Russia's Foreign Ministry spokesman Maria Zakharova said the three EU countries' actions were "unjustified, unfriendly and a continuation of the same series of actions the West is taking against our country, which we qualify as interference in internal affairs", according to Russian news agencies.
In a blog post released late on Sunday, Mr Borrell said his pleas to Russia to halt the expulsions were ignored. But the executive European Commission said it had no regrets about Mr Borrell's trip to Moscow last week, as Russia was on a course towards confrontation - which Mr Borrell sought to avert.

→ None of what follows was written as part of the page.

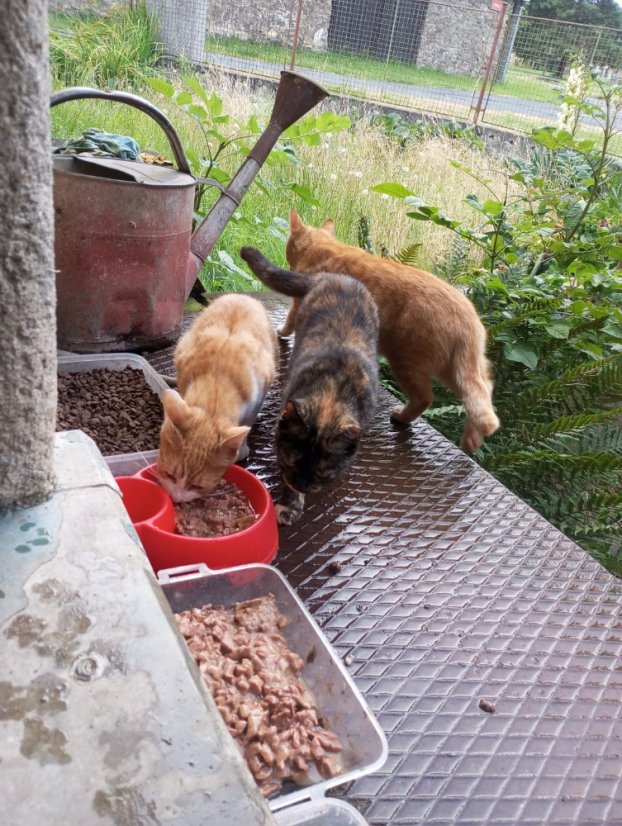 Krmivo pro útulek: Kočičiny z.s. - Zvolte balení: 550,- Kč / 100 ks Krmiva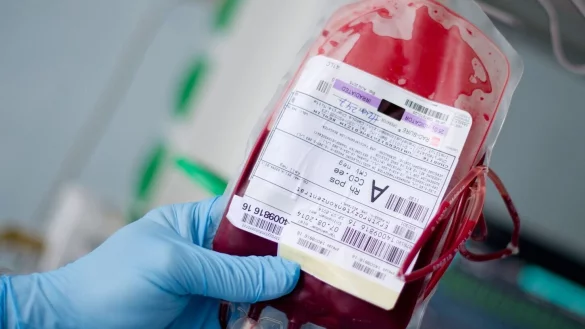 Blutspenden werden in Deutschland in Einzelbestandteile zerlegt (Archivbild). - &copy; Daniel Bockwoldt/dpa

"The trip was necessary. One doesn't give up on a trip because it looks difficult," Commission spokesman Eric Mamer said. "A trip is not a success or a failure on the basis of what happens during a particular moment."
Mr Peskov said Russian officials "were not the initiators of the collapse in relations".

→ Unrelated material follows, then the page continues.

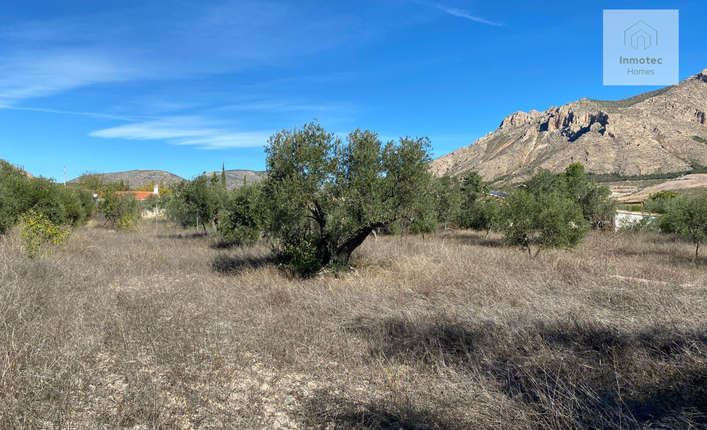 Rustic plot with olive trees and countryside views in Andalusia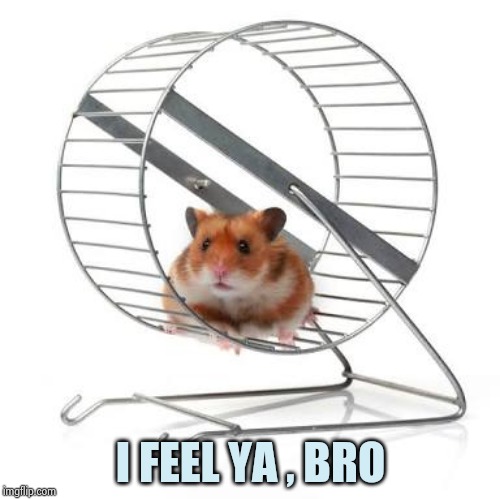 Hamster wheel | I FEEL YA , BRO | image tagged in hamster wheel | made w/ Imgflip meme maker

Mr Borrell was yesterday set to address the European Parliament, which has called for sanctions to stop the completion of the Nord Stream 2 energy pipeline between Russia and Germany.
Some EU states are now intensifying a push for new Western sanctions against Moscow.
Poland on Monday convened a two-hour-long video call with EU states that was joined by envoys from Britain, the United States, Canada and Ukraine, as well as Navalny's allies, Mr Vladimir Ashurkov and Mr Leonid Volkov, to discuss policy on Russia.
Navalny was jailed on Feb 2 after a Russian court ruled he had violated the terms of a suspended sentence in an embezzlement case that he says was trumped up.
Mr Borrell went to Moscow to seek Navalny's release and to try to relaunch EU-Russia relations.
But in Sunday's blog post, he wrote that the trip had been "very complicated".
"Russia is progressively disconnecting itself from Europe and looking at democratic values as an existential threat," Mr Borrell wrote. "It will be for member states to decide the next steps, and yes, these could include sanctions."
EU foreign ministers will discuss Russia on Feb 22.
Russia has been under Western economic sanctions since it annexed Crimea from Ukraine in 2014, but it is also a major energy supplier that helped the West in areas such as upholding the 2015 nuclear deal with Iran.